The slaughter of a sleeping baby is unacceptable as a tool in the struggle for any type of liberation. It comes from a dark place, from a place that simply wants to destroy you. It is behavior with which we are quite familiar – behavior that says to the shocked Israeli, “What are you talking about? I do not want you out of Shechem and Ramallah. I have them, anyway. All the money that you invest there will not make me like you. I simply want you out of this world. Go back to the Ukrainians, the Polish, the Austrians and the Germans. Let them take care of you. I did not slaughter the baby because she is an occupier on my sovereign soil. I slaughtered her because she is a Jew.”
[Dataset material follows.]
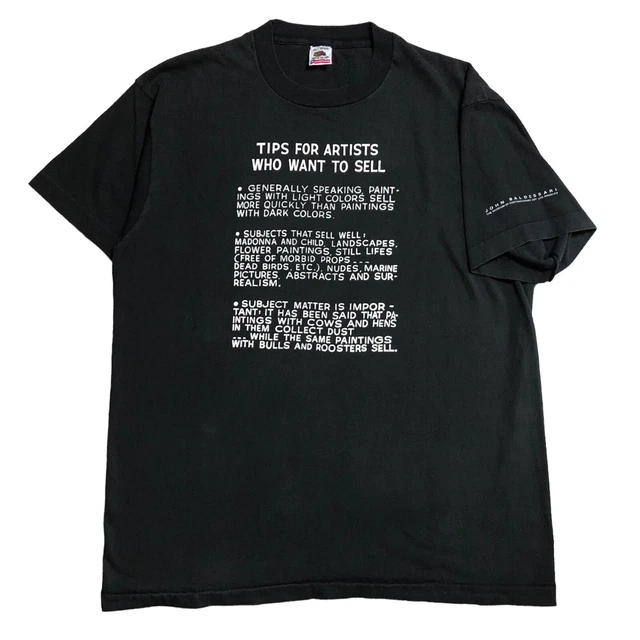 Vintage 90s John Baldessari Tips For Artists T-Shirt Art Holzer Kruger Rare XL Vintage 90s John Baldessari Tips For Artists T-Shirt Art Holzer Kruger Rare XL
The source of the shock is the understanding that there is nobody with whom to make peace – because they do not want to. The Arabs simply cannot stand the fact that we live anywhere in the world – certainly that we live in the Land of Israel.
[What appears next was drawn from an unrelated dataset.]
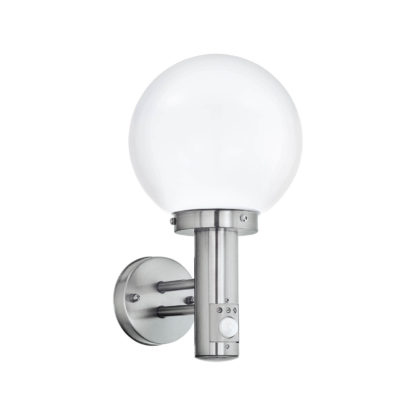 An Image of Eglo Nisia Outdoor Wall Light With PIR - Stainless Steel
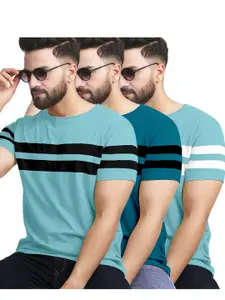 AUSK Pack of 3 Striped Half Sleeve Round Neck Tshirt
In the past, the leftist elite managed to deal with the shock engendered by terror attacks. Their quintessentially demagogic and confusing slogan, “We will not let the enemies of peace achieve their goal” (and so we will continue with the retreats euphemistically known as the peace process) worked quite well with the public. But now it seems that something is starting to change. The massacre in Itamar shocked Israeli society more than similar attacks in the past because it no longer has anywhere to hide from the conclusions. The Oslo spin no longer works.
The Itamar massacre was perpetrated on the backdrop of the collapse of the regimes in Arab lands. Hosni Mubarak’s ouster revealed the fragility of our peace agreement with Egypt. It brought to the surface the fact that the dictators sold us the illusion of peace in the lowest dosage possible to keep us ignoring how their countrymen really felt about Israel. That is what made the Itamar massacre so shocking, brought all of our top statesmen to the funeral, and created the new perspective in the reporting of the tragedy and the live coverage on Army Radio.
“And so, since yesterday, I sit here in the corner, frustrated and frightened, internalizing that it is possible that in the end we will not have the peace that we dreamed of,” wrote Guy Maroz in Maariv after the massacre.
He even gives a tongue in cheek clue as to the only hope that he can think of: “Since yesterday, I want to hide under the wide Messianic dress of [settler leader Daniella Weiss].”
We are at the threshold of a new reality. On one hand, we are still firmly meshed onto the Western, Oslo playing field. We do not attack, but only retaliate. We are completely subordinate to the Western values that always force us to try to prove that we are the most miserable victims on the block. We are still very far from the ability to substantially change direction. On the other hand, though, the entire playing field is crumbling away.
We do not expect to win a political victory that will allow us to change the rules of the game in Israel. On the contrary, the game itself is about to change. The only relevant players in the new game will be those of us who have toiled throughout the years for a genuinely Jewish state.